Thanks Ptrblck !, I’wll try it and post my findings.

jvilchis · March 17, 2019, 12:23pm

I am running my code using CUDAStream to synchronize my CUDA threads from CPU. Since this is a CUDA C++ PyTorch extension, I imported the module to python and the call my extension. I am having this error at the line this is implemented: AT_CUDA_CHECK(cudaStreamSynchronize(stream));

RuntimeError: CUDA error: CUDA driver version is insufficient for CUDA runtime version…

Any advice will be highly appreciate it.

ptrblck · March 17, 2019, 1:45pm

Do you have multiple CUDA versions installed as described here?

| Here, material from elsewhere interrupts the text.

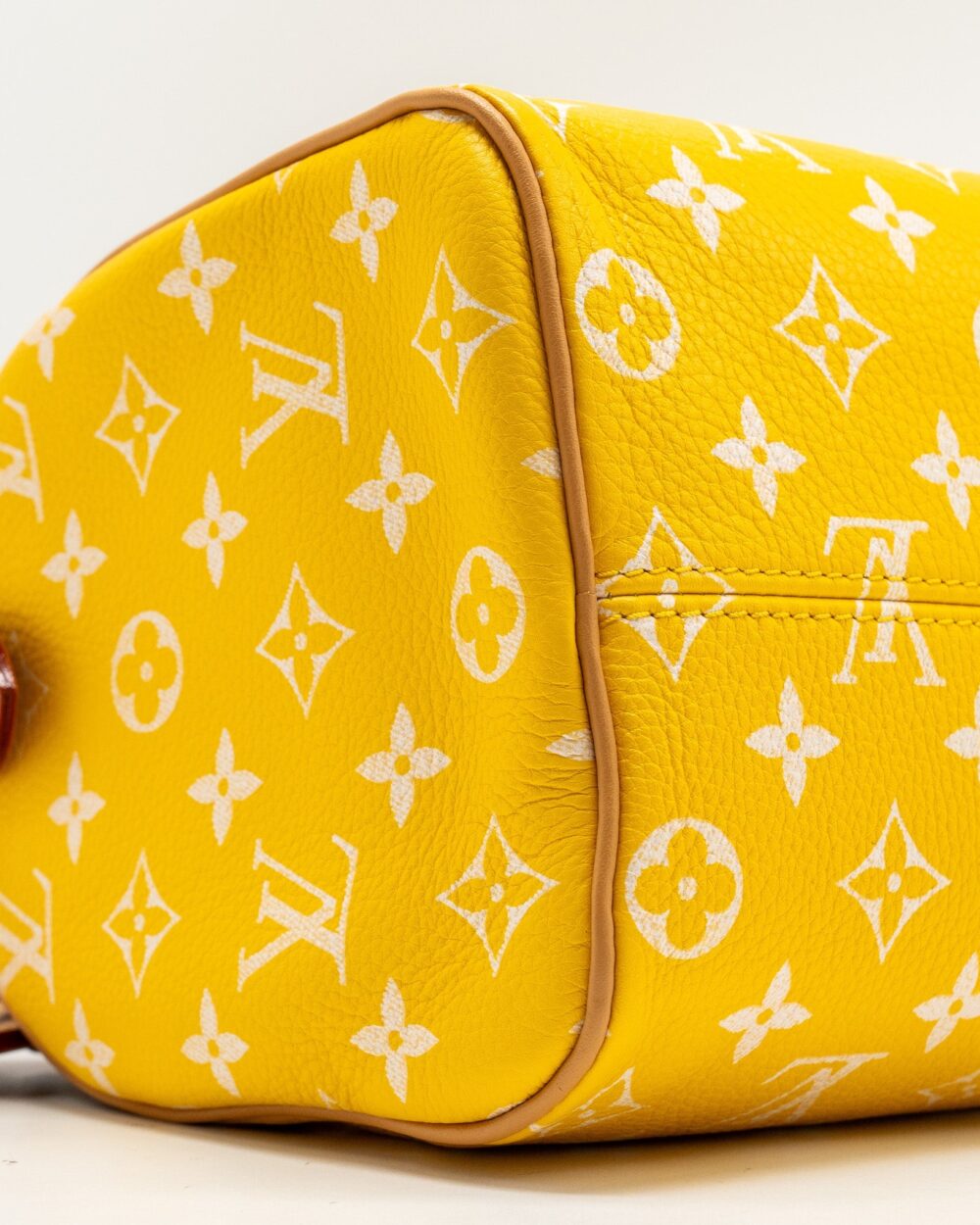 AAA Replica Louis Vuitton LV SPEEDY P9 BANDOULIÈRE 25 MONOGRAM SOFT CALFSKIN JAUNE MAT GHW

jvilchis · March 17, 2019, 11:43pm

I think there was an issue with the version of pytorch I had installed which was compiled for a different version of CUDA I have installed. Having a clean pytroch installation with the appropriate CUDA version fixed the original problem. Thanks a lot for that !.

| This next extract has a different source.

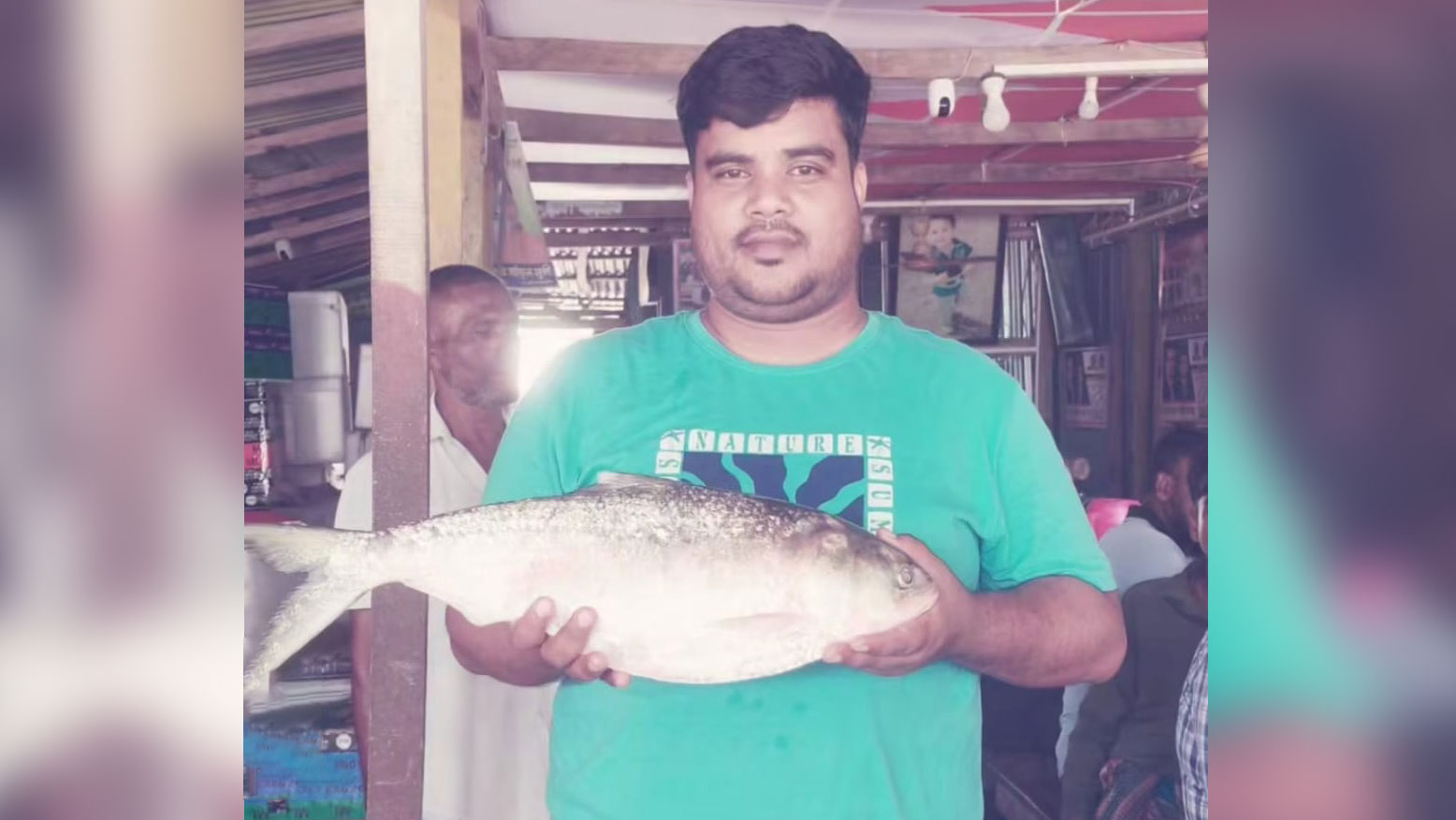 ভোলার মেঘনায় ধরা পড়ল ৩ কেজি ওজনের ইলিশ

Now, I am facing other issue.

When running my extension on python , the next error is thrown out:

RuntimeError: CUDA error: an illegal memory access was encountered (bspline_cuda at bspline_cuda_kernel.cu:252)

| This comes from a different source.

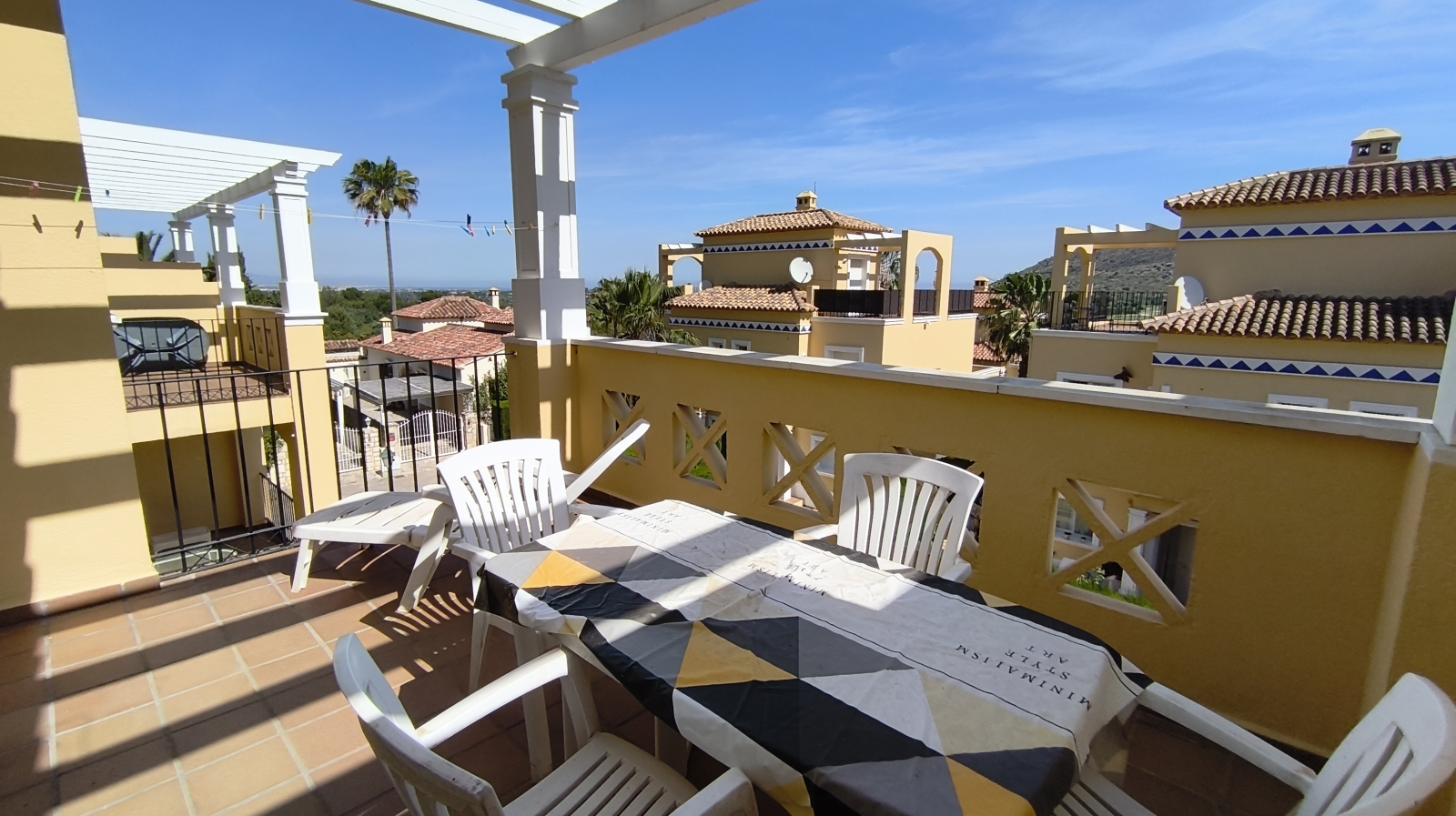 LS-0159 - Apartamento en última planta con terraza, plaza de aparcamiento y trastero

This is the line where there is this check:

AT_CUDA_CHECK(cudaStreamSynchronize(stream));

The code segment that is giving me issues is this:

vector<at::Tensor> bspline_cuda(at::Tensor x, at::Tensor y)
{

    const int n= NCP;
    const int m_mm = NCP;
    const int n_mm = NCP;
    const int k_mm=1;

    dim3 dimGrid((k_mm + BLOCK_SIZE - 1) / BLOCK_SIZE, (m_mm + BLOCK_SIZE - 1) / BLOCK_SIZE);
    dim3 dimBlock(BLOCK_SIZE, BLOCK_SIZE);

    auto a  = at::zeros_like(x);
    auto b  = at::zeros_like(x);
    auto c  = at::zeros_like(x);
    auto d  = at::zeros_like(x);
    
    auto delta  = at::zeros(NCP-1,  at::kFloat);
    auto Delta  = at::zeros(NCP-1,  at::kFloat);
    auto M      = at::zeros({NCP,NCP},  at::kFloat);
    auto D      = at::zeros(NCP,  at::kFloat);

    auto TensorM_inv = at::zeros({NCP,NCP});

    for (int j =0; j<n; j++)
        for (int i=0;i<n; i++)
            TensorM_inv[i][j] = M_inv[i][j];

 AT_DISPATCH_FLOATING_TYPES( a.type(), 
    "NaturalCubicSplinePart1",
       ([&] 
        {
        NaturalCubicSplinePart1<scalar_t><<< N/TPB, TPB >>>(
                   a.data<scalar_t>(), 
                   delta.data<scalar_t>(), 
                    Delta.data<scalar_t>() , 
                     x.data<scalar_t>(), 
                  y.data<scalar_t>() 
                     );
                }
              )
        );

at::cuda::CUDAStream stream = at::cuda::getCurrentCUDAStream();
AT_CUDA_CHECK(cudaStreamSynchronize(stream));

Thanks a lot in advance for the help.

jvilchis · March 19, 2019, 1:15am

Hi all, finally I got what was wrong with my code:

a) I had a very old NVIDIA driver and CUDA 8.0. So, I update my system to have a clean installation:

NVIDIA-SMI 410.104 Driver Version: 410.104 CUDA Version: 10.0

b) * AT_CUDA_CHECK(cudaStreamSynchronize(stream));* was throwing out an error because I was not careful with the types of my tensors. To solve this problem I made sure all types matched. Below the section of my code with types correctly set.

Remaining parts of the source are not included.